Diesen wollte ich nun anschließen und in der Configurationswebsite kann ich lediglich nach einem WLAN Netz zum verbinden suchen.
Ist hier keine Installation via LAN-Kabel möglich? Das Ganze soll sozusagen als LAN-Brücke genutzt werden.

Vielen Dank im Voraus!


----------



## Joungmerlin (30. August 2014)

Du hast das falsche Gerät gekauft.
Ein Range Extender vergrößert wie der Name schon sagt nur die Reichweite eines WLANs.

Du benötigst mindestens einen Access Point. Diese sind aber schon in den meisten Routern integriert, und auch preislich tut sich da nix.
Nimm nen Router von TP Link ohne Modem und gut ist.


----------



## Herbboy (30. August 2014)

Vielleicht täusche ich mich, aber ein WLAN-Repeater ist an sich dazu da, ein bestehendes WLAN zu empfangen und es dann weiterzuleiten, damit die Reichweite sich erhöht. Der ist aber nicht dazu da, dass man ihn per LAN mit dem Router verbindet und dann quasi als WLAN-Basis verwendet. 

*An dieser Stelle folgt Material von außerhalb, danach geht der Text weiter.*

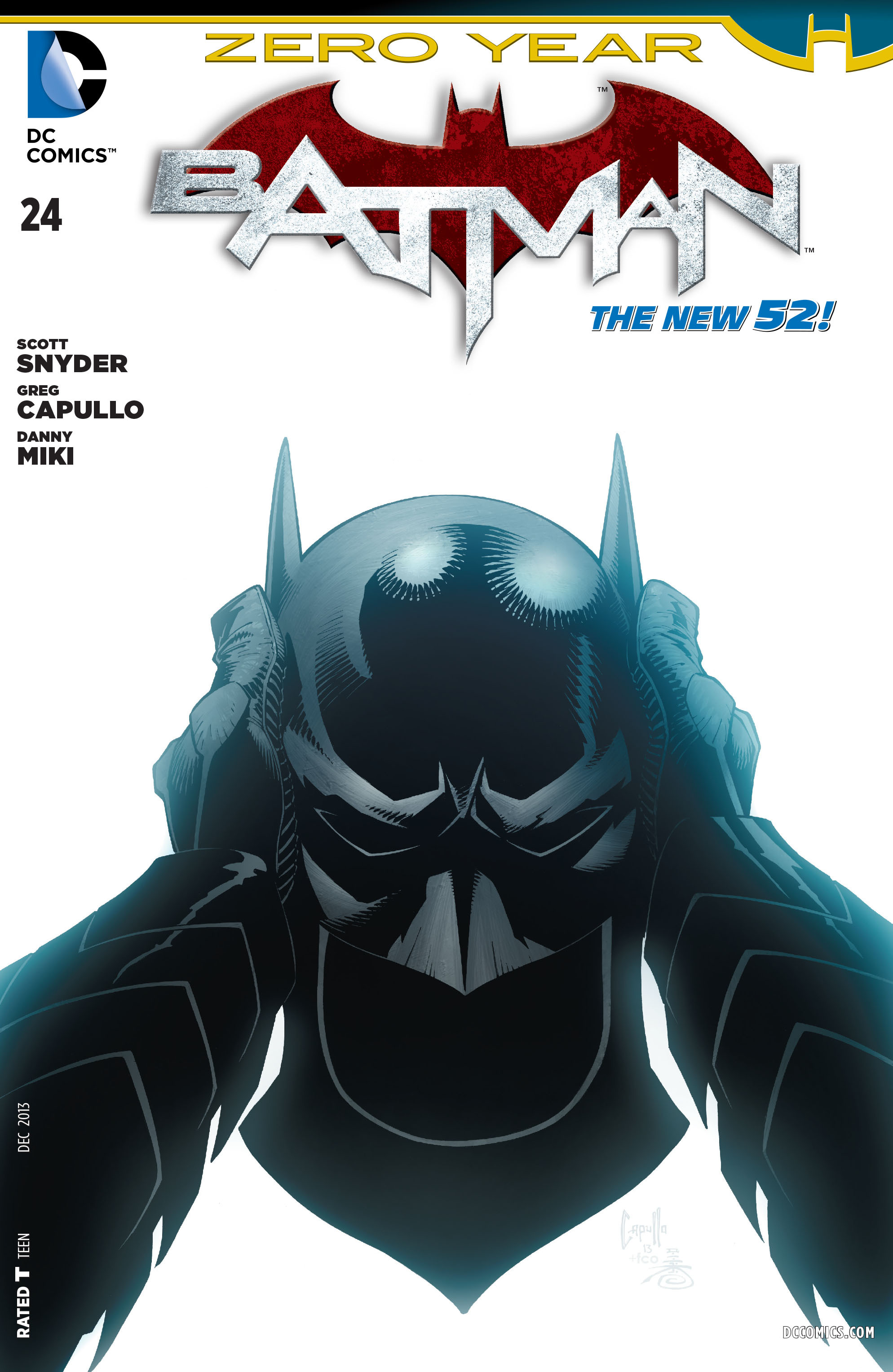 Read online Batman (2011) comic -  Issue #24 - 54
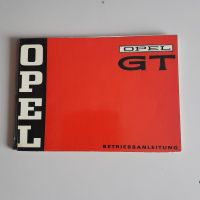 Betriebsanleitung Opel GT Bayern - Faulbach Vorschau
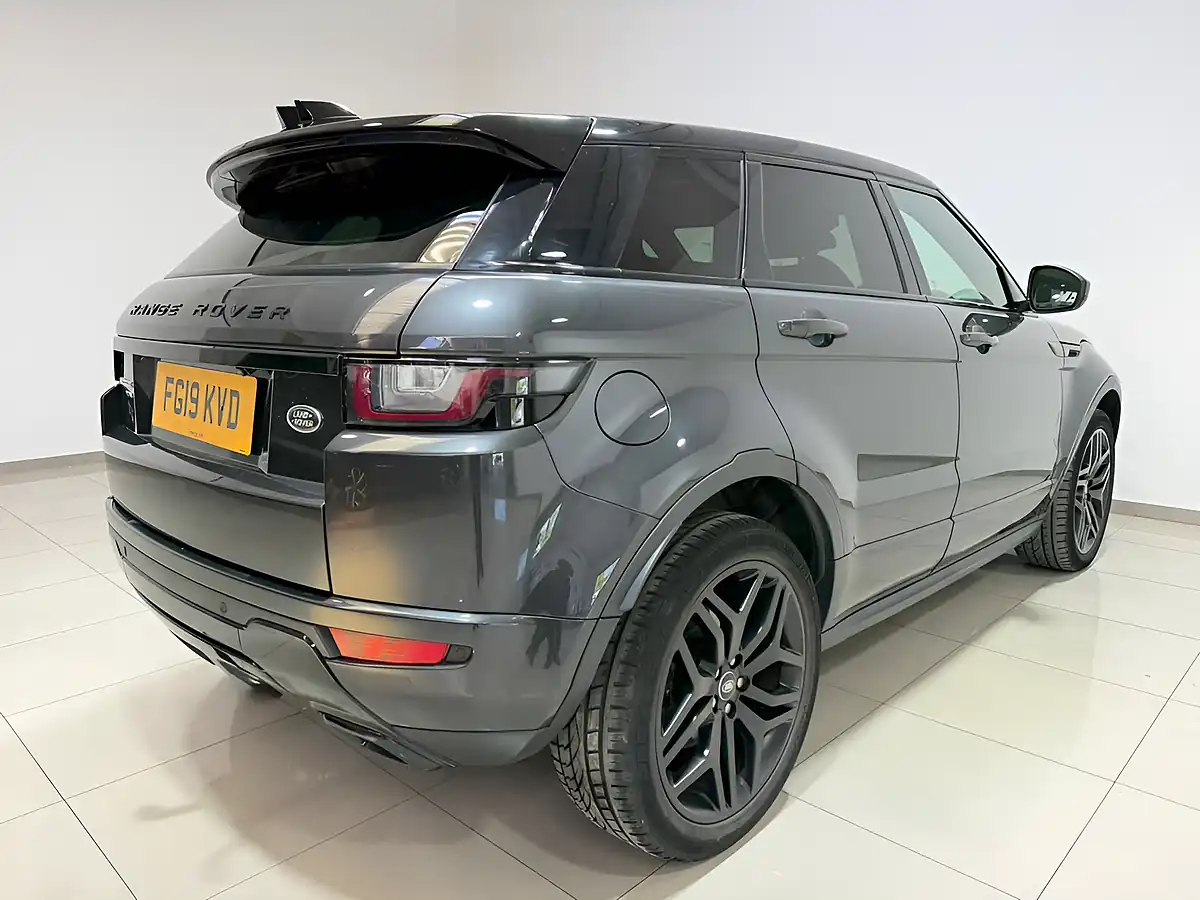 Used 2019 Land Rover Range Rover Evoque Hse Dynamic Carpathian Grey - Interior and Exterior details 10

 Bzw. evlt. gibt es versch. Repeater-Typen (bin da nicht sicher), die das doch können - aber AFAIK wäre DAS dann schon ein richtiger Router und nicht mehr nur ein Repeater. 

Für Deine Freundin wäre so oder so an sich ein simpler WLAN-Router das richtige Produkt, zB Asus RT-N12E N300 Black Diamond WLAN Router, 802.11 n/b: Amazon.de: Computer & Zubehör wäre dann auch nicht teurer als der Repeater. Es gibt auch noch günstigere, aber der Asus ist halt solide.


----------



## freezy94 (30. August 2014)

Das Beste: Der Vermieter empfiehlt diesen Artikel für diesen Einsatzzweck.

Danke, hole mir dann einen Access Point. Welcher dürfte an sich ja irrelevant sein?


----------



## Research (30. August 2014)

Hab mir den hier als Bridge konfiguriert: TP-Link TL-WA901ND Geht super, 24/7 stabil, läuft seit Wochen ohne Neustart.
Sonst: TP-Link TL-WA801ND


----------



## Herbboy (30. August 2014)

freezy94 schrieb:


> Das Beste: Der Vermieter empfiehlt diesen Artikel für diesen Einsatzzweck.


 Dann haben wohl bisher alle Mieter entweder gar keinen PC oder ihren PC per LAN-Kabel angeschlossen, sonst wäre das ja schon aufgefallen ^^


----------



## freezy94 (30. August 2014)

Herbboy schrieb:


> Dann haben wohl bisher alle Mieter entweder gar keinen PC oder ihren PC per LAN-Kabel angeschlossen, sonst wäre das ja schon aufgefallen ^^


 
Habe mal auf ihrer Ebene nachgefragt. Die haben LAN oder einen vollwertigen Router.

Trotzdem danke an alle. Habe es mir schon gedacht, dass es mit einem Extender nicht geht.


----------